Another look at bzr network traffic

Andrew Cowie andrew at operationaldynamics.com
Tue Apr 6 04:28:46 BST 2010


On Sun, 2010-04-04 at 12:06 -0500, John Arbash Meinel wrote:
http://article.gmane.org/gmane.comp.version-control.bazaar-ng.general/67118
> 

So I was about to reply to that message, but we've got this thread here,
so here we are.

On Thu, 2010-03-18 at 08:51 -0500, John Arbash Meinel wrote: 
> I was sort of staying out of this as a 'known bug' of the 2a format, but
> since it wasn't clear in Andrew's head, I'll explain.
> ...

> What that means for the current smart protocol, is that all fetches will
> copy at least 1 fulltext, regardless of the delta size.
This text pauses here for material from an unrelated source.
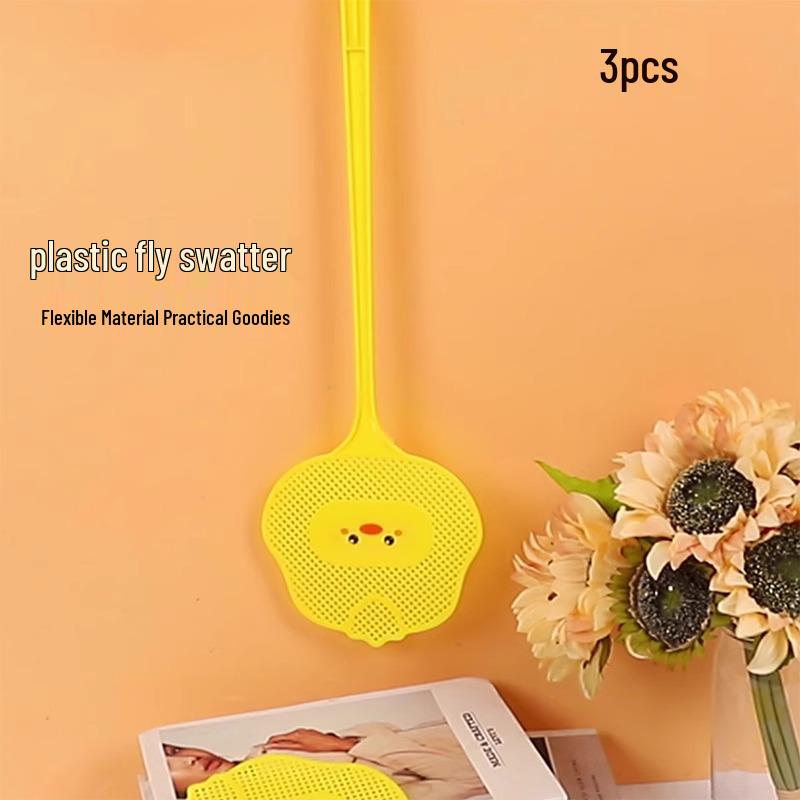 Schiaccia mosche Giallo Anatra Cartone Animato Indistruttibile - Plastica Resistente per Zanzare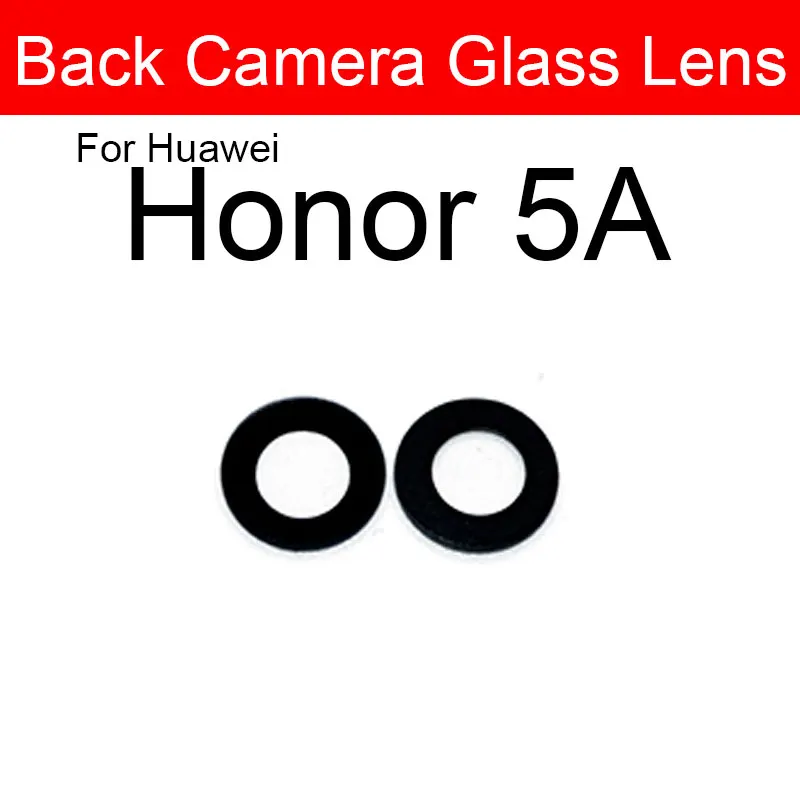 Фото Стекло объектива задней камеры для Huawei Honor 4X 4C 4A 5A 5C 5X 6 6A 6C Pro 6X 6 Plus Стекло объектива камеры + ремонт наклейки №3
So a 1 byte
> change to a 1MB file will transmit 1MB of data, though after
> autopack/pack it will probably get stored as a small handful of bytes
> again. (While it is in its own pack, it is still stored as 1MB on disk.)

Once upon a time when people were optimizing normal operations over
http:// it was mentioned that Bazaar is very good about using HTTP Range
requests to only grab the actual bytes that it cares about. All good.

But this makes it sound like over the bzr{,+ssh}:// protocol that
requesting a small revision may end up shipping an entire pack file no
matter what. If true, then the obvious concern is "I just got repacked
into a single pack that's now 100 MB big, goodie! here it comes!"

Meanwhile, to the preceding message,

On Wed, 2010-03-17 at 12:24 +1100, Andrew Bennetts wrote:
> I'm not sure that this is worth worrying about, e.g. on my usual
> internet connection 200kB takes less than a second to receive.  Is
> this
> behaviour a problem for you? 

That sounds ... cavalier. I mean, sure, sometimes we have nice fat
network connections all to ourselves, but just as often not (when I read
this email last week I was on a client site with 200 developers on less
bandwidth than you have at home). We all get that network bytes = time
and given that we're trying to make Bazaar fast, unnecessary network
traffic seems ... unnecessary.

I would have thought this was all just a case of me not understanding
what's really going on except for the comment:

> Git specifically addresses this with 'skinny packs' sent over the
> wire.

So, um, maybe we're missing a bet too?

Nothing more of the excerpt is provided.